_Exercise directions_:
Quote the records that follow in full, leaving the pictures out.

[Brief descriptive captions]
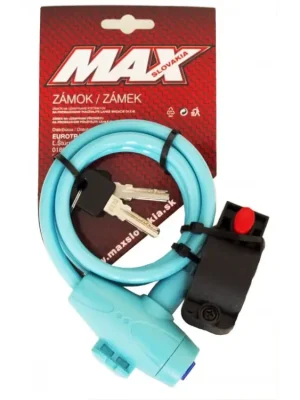 Zámek Max Slovakia TY 582 lanový modrý Cenový Hit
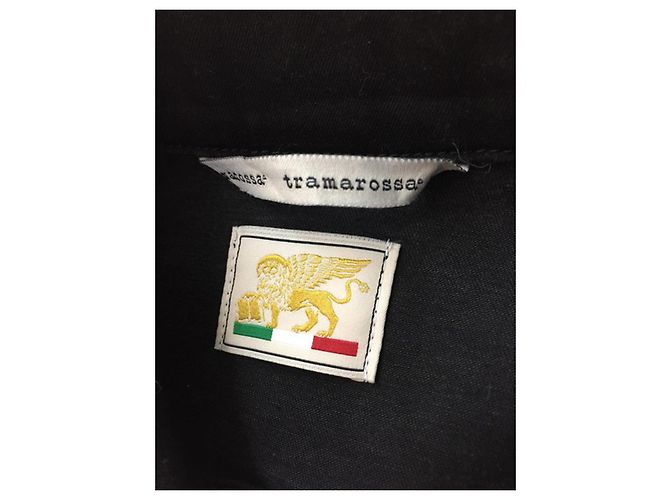 Hermès [Gebraucht] Tramarossa Hermes Stretch Tracker Jacke Schwarz (S) - Ansicht 3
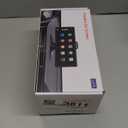 Wireless Apple Carplay Screen for Car with 4K Dash Cam, 10.26" Portable Apple Carplay & Android Auto, HD Touchscren with 1080p Backup Camera, Voice Control/Mirror Link/GPS Navigation/BT/FM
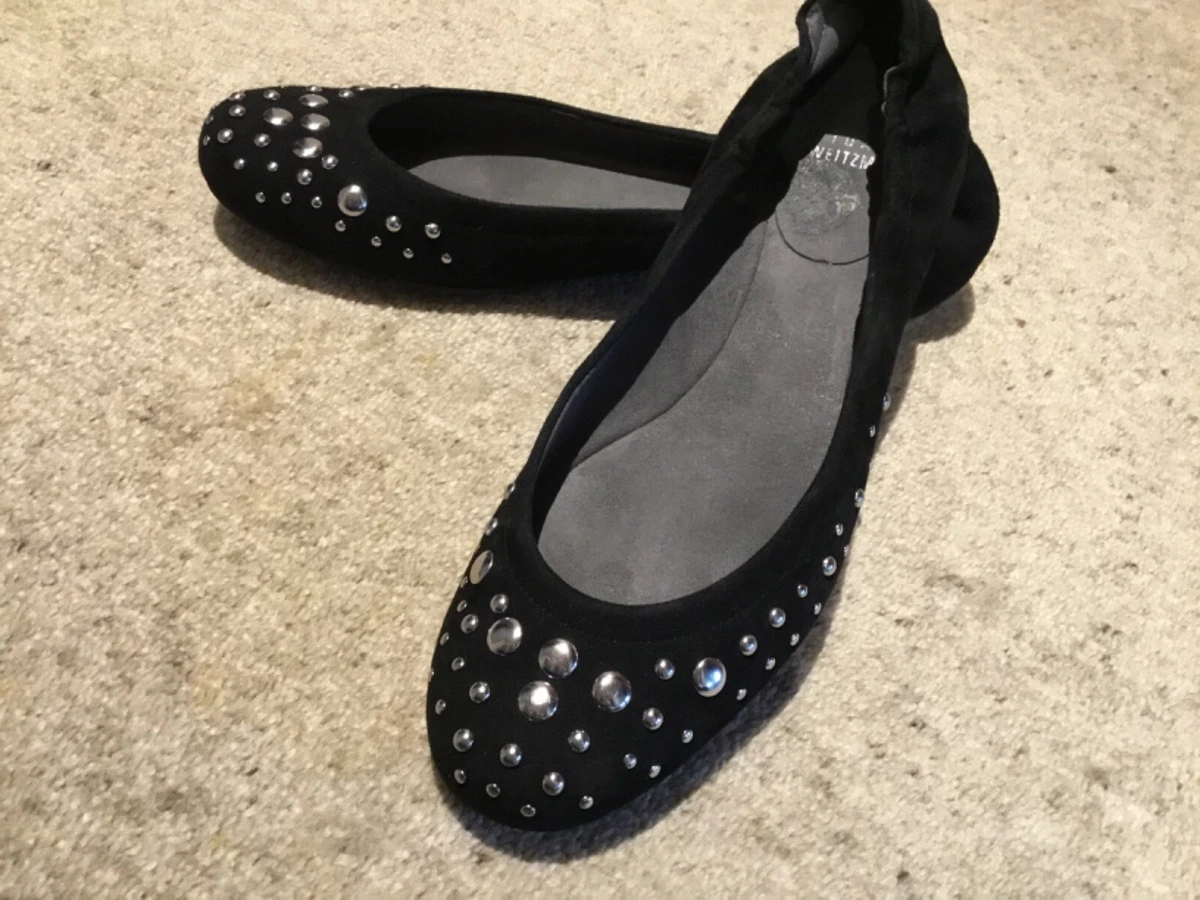 Stuart weitzman ballet flats sale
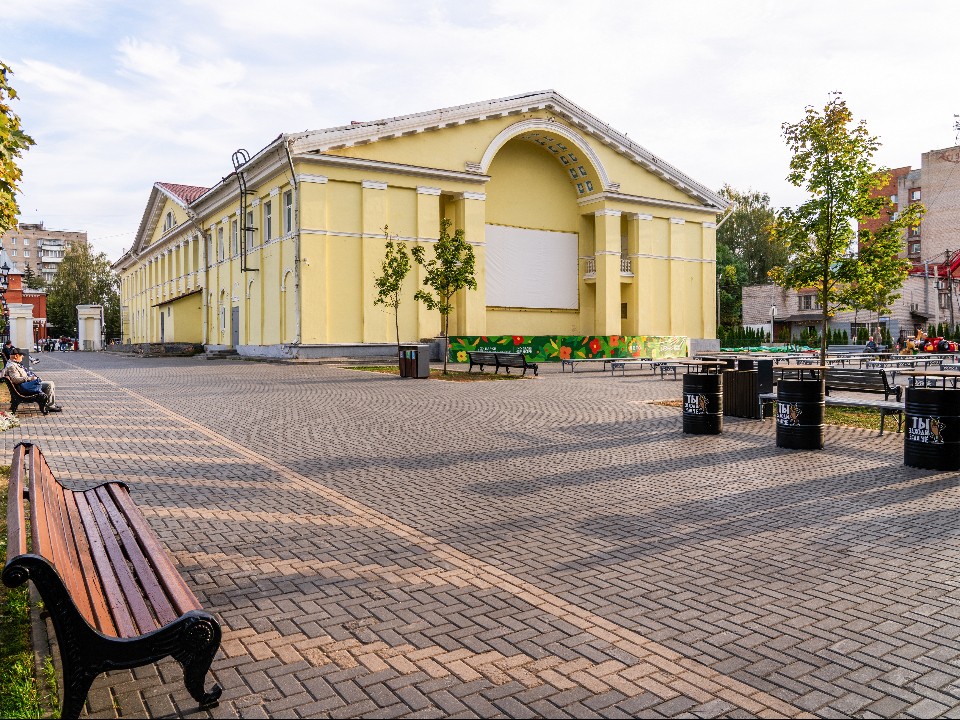 Жителей Истры приглашают провести сентябрь активно в городских парках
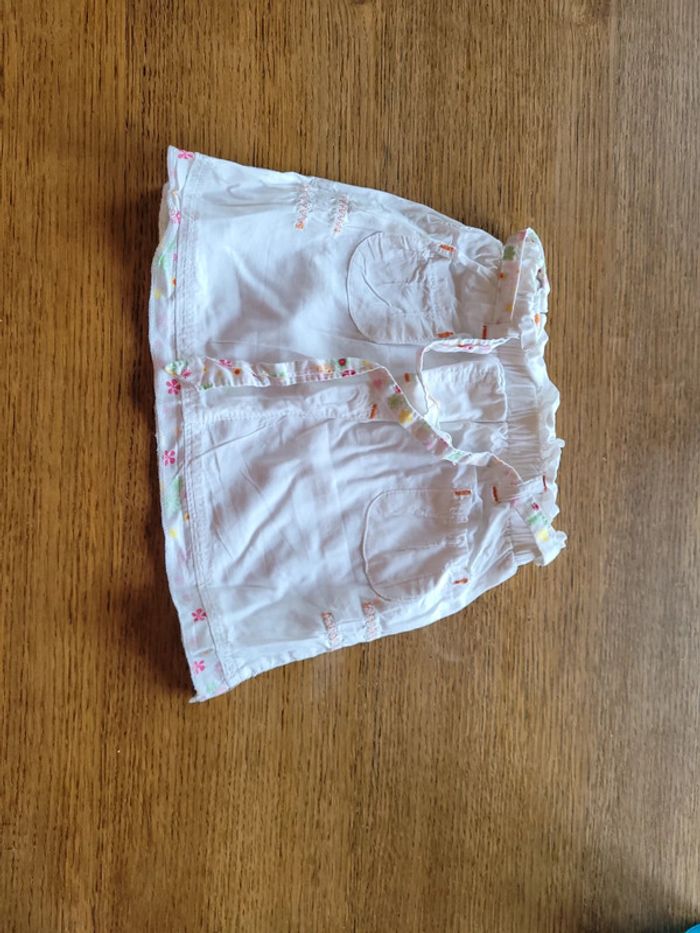 Jupe extrêmement légère 18 mois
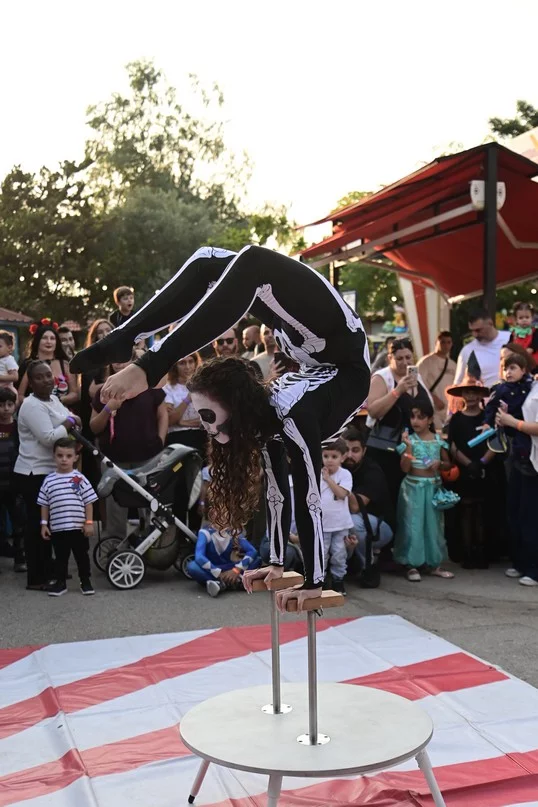 Halloween Vibes at Dream Park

_Task response_:
 Zámek Max Slovakia TY 582 lanový modrý Cenový Hit
 Hermès [Gebraucht] Tramarossa Hermes Stretch Tracker Jacke Schwarz (S) - Ansicht 3
 Wireless Apple Carplay Screen for Car with 4K Dash Cam, 10.26" Portable Apple Carplay & Android Auto, HD Touchscren with 1080p Backup Camera, Voice Control/Mirror Link/GPS Navigation/BT/FM
 Stuart weitzman ballet flats sale
 Жителей Истры приглашают провести сентябрь активно в городских парках
 Jupe extrêmement légère 18 mois
 Halloween Vibes at Dream Park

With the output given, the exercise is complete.